Three times a day, the road next to our apartment gets watered and I get to help pay for it.

 

I wrote a letter online to my rental company decrying the fact that I have to pay for the excess watering of our overly green lawn. Unlike any other apartment I have lived in, here in Williston companies like Weidner and Greystar, tack on variable costs up and above the monthly rent. The local staff here are friendly and very helpful and it isn't their fault. This kind of thing is above their pay grade, thought up by some corporate MBA who has no concept of the real world.

The charges for this month are:

trash charge 20.56

water charge 29.05

wastewater charge 20.23

stormwater charge 1.31  

While it is an impersonal dirty trick thought up by some fool  who has never rented in his silver spoon life, sitting high in some distant office, it feels personal. I would rather pay a little more of a fixed rent cost than be at the whims of whatever these variable charges might be.  

Since this is one of the more affordable buildings in town, many here, judging by the cars in the parking lot, are living on the margins of survival. It is dirty on the part of Weidner and the other companies that rule Williston rentals to put those at the bottom of the income ladder at the whims of several variable costs. It is like the return of the "company store" where residents are forced to pay whatever costs happen to be from day to day because there is no other choice.


A large percentage of the water runs off into the gutter, so I get to pay for the water three times. First in taxes to process it and ship it, second in the added water charge and third as wastewater.   


My outrage about paying for variable charges and wasted water aside, there is also the irony that I am forced to pay for the wanton waste of precious resources like water at a time of historic drought and climate change. While the west burns, farms fry and cattle go thirsty, I am forced to over water a patch of useless grass while sending most of the water into the sewer.


The irony of advertising sustainability in a bill for wasted water running into the gutters on the street.


To add ironic insult to injury, the bill was accompanied by the above letter extolling the companies "deep commitment to sustainability" and the self serving "green initiative" of paperless billing, listing amounts of trees and energy saved. Instead of hollow self serving sustainability, they would do better to engage in something that does real good like to stop overwatering the lawn and running water into the gutters.
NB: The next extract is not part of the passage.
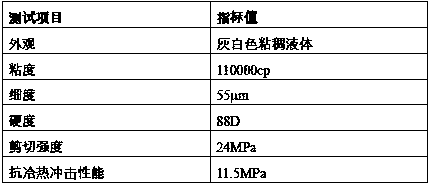 Single-component high-temperature glue and preparation method thereof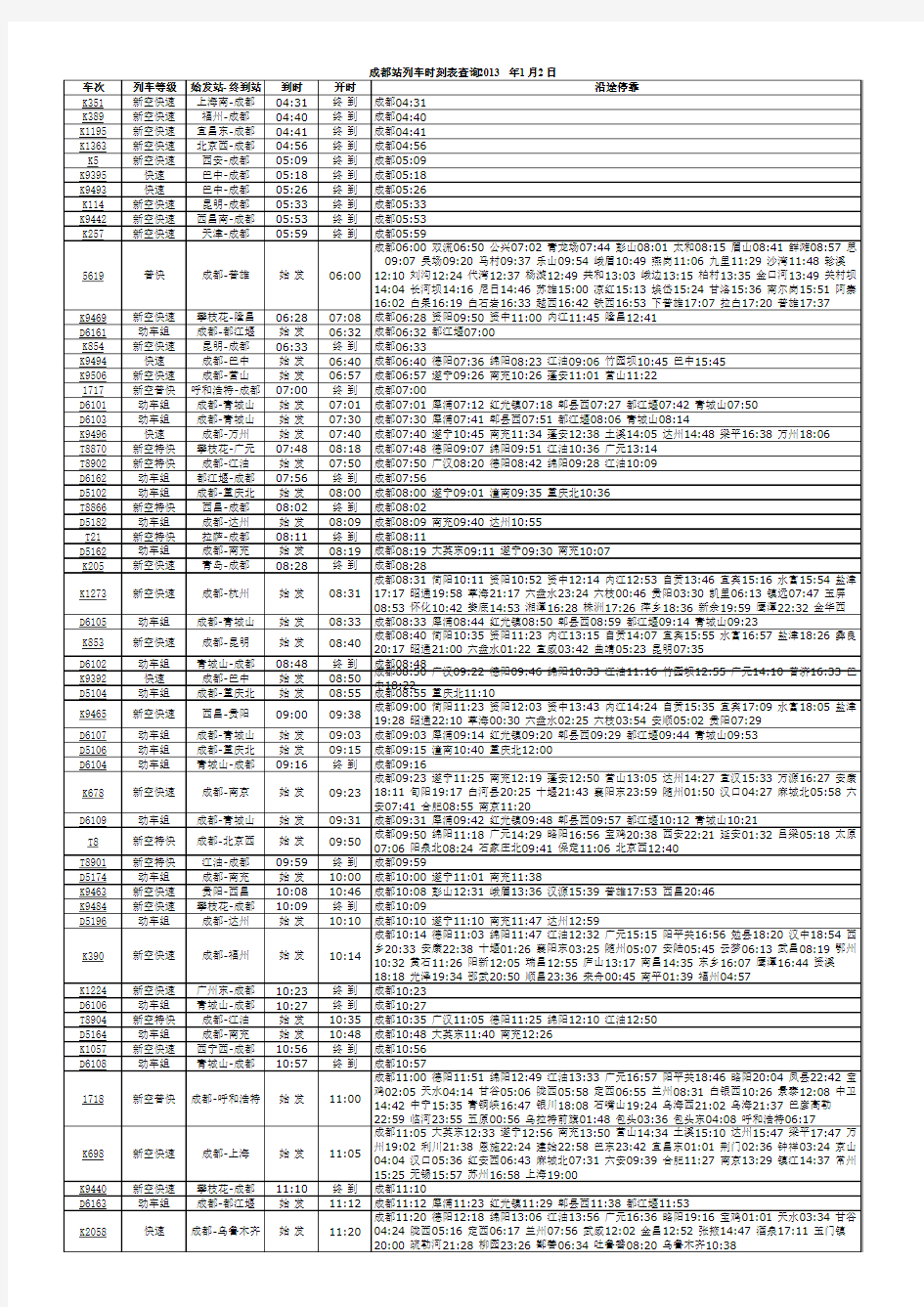 2013年成都火车北站列车时刻表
Instead of spinning saving the cost of mailing paper bills as some sort of altruistic love for the planet, they could actually do something real and stop wasting resources on the lawn.

As I sit and listen to the sprinklers watering the sidewalk and street outside my window, cars driving through puddles as if it were a rainstorm, I feel as if there is no point in even complaining. Corporate America will consume the earth until it is gone all for love of a green lawn.